Ariadne auf Royal Albert Hall
BBCプロムスで上演されたリヒャルト・シュトラウスのオペラ『ナクソス島のアリアドネ』
BBCプロムスは1961年以来の伝統に倣い、グラインドボーン音楽祭で上演されたオペラの中から、リヒャルト・シュトラウス作曲の『ナクソス島のアリアドネ』(1911-12年作、1916年改訂版)をセミ・ステージ形式でプログラムに組み込みました。これは2026年のグラインドボーン音楽祭のオリジナル・プロダクションを基にした翻案です。
歌手が同一であり、演出も工夫されている一方で、チケット価格はグラインドボーンより平均65%安く、ドレスコードもありません。全13公演が行われ、8月29日の最終公演を含めチケットは完売しました。
『ナクソス島のアリアドネ』は演出が難しい作品ですが、ペリーによる今回の演出は、以前ムンドクラシコが評したような伝統的なものではなく、非常にシンプルな空間で行われました。プロローグでは歌手の動きを重視し、オペラ本編では布で覆われた台と、変化する照明が用いられました。終盤にはグラインドボーン公演の映像が投影され、海から昇る太陽が真珠を抱いた指輪へと変化する演出がなされました。

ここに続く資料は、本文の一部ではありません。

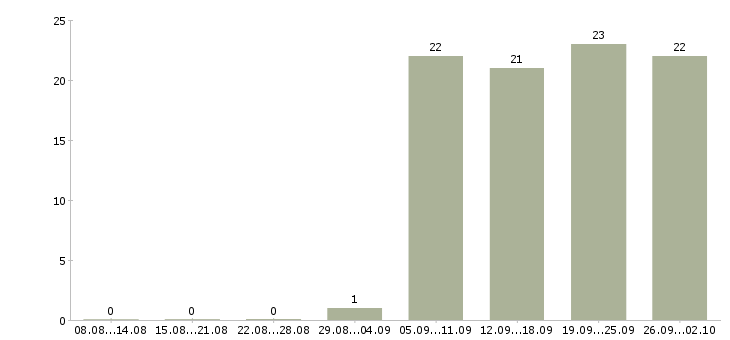 Работа менеджер по продажам решений в Белгороде - Число вакансий в Белгороде по специальности менеджер по продажам решений за 2 месяца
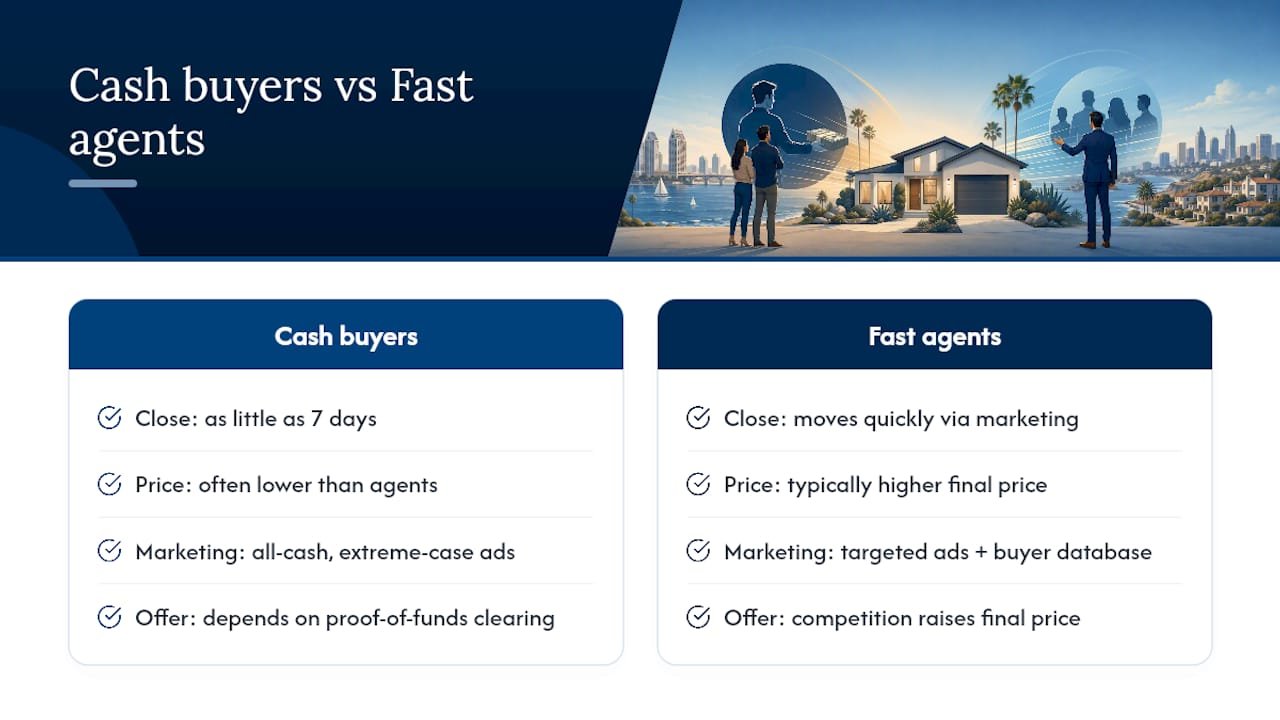 Comparison diagram of cash buyers and fast agents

ロイヤル・アルバート・ホールの5,000席を超える巨大な空間と音響は、歌手の歌唱を際立たせました。アリーナ席の観客(プロミング)の存在は、劇中劇の観客としての役割も果たし、劇場的な雰囲気を高めました。観客は非常に協力的で、笑いや拍手を通じて公演を楽しみました。
歌手について、レイチェル・ウィリス=ソレンセンは『Es gibt ein Reich』で深い感情と美しい低音を響かせ、喝采を浴びました。ツェルビネッタ役は、その軽妙さと歌唱でアリアドネ役を凌ぐほどの存在感を示しました。一方で、バッカス役は叫ぶような歌唱が目立ち、フレーズの処理に課題が見られました。音楽教師役と作曲家役は、演技・歌唱ともに充実していました。ダンス教師役は演技は良いものの、声楽的には物足りなさが残りました。執事役は朗読的な役割を十分に果たしました。三人のニンフや道化師たちも満足のいく出来でした。
指揮のロビン・ティチアーティは、シュトラウスの旋律を繊細に扱い、活気ある演奏を披露しました。特にプロローグにおける作曲家とツェルビネッタの対話において、それぞれの様式の違いを鮮やかに描き出しました。